__WORK REQUIRED__.
Copy the lines below verbatim, beginning with the line that includes "Tek Büyük Yataklı Oda (Roussanne)" and continuing to the end; leave out everything before it.

__SOURCE RECORDS__.
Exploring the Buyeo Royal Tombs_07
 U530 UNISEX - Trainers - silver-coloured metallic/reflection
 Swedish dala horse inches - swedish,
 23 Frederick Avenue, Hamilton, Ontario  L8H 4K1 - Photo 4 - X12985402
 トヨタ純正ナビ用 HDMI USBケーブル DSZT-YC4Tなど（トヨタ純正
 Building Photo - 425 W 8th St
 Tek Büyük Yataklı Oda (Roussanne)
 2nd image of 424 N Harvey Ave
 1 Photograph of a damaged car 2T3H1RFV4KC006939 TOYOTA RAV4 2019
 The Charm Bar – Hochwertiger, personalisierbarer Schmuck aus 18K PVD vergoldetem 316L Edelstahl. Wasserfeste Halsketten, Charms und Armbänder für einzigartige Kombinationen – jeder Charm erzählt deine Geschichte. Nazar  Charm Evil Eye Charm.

__SOLUTION TO THIS EXERCISE__.
 Tek Büyük Yataklı Oda (Roussanne)
 2nd image of 424 N Harvey Ave
 1 Photograph of a damaged car 2T3H1RFV4KC006939 TOYOTA RAV4 2019
 The Charm Bar – Hochwertiger, personalisierbarer Schmuck aus 18K PVD vergoldetem 316L Edelstahl. Wasserfeste Halsketten, Charms und Armbänder für einzigartige Kombinationen – jeder Charm erzählt deine Geschichte. Nazar  Charm Evil Eye Charm.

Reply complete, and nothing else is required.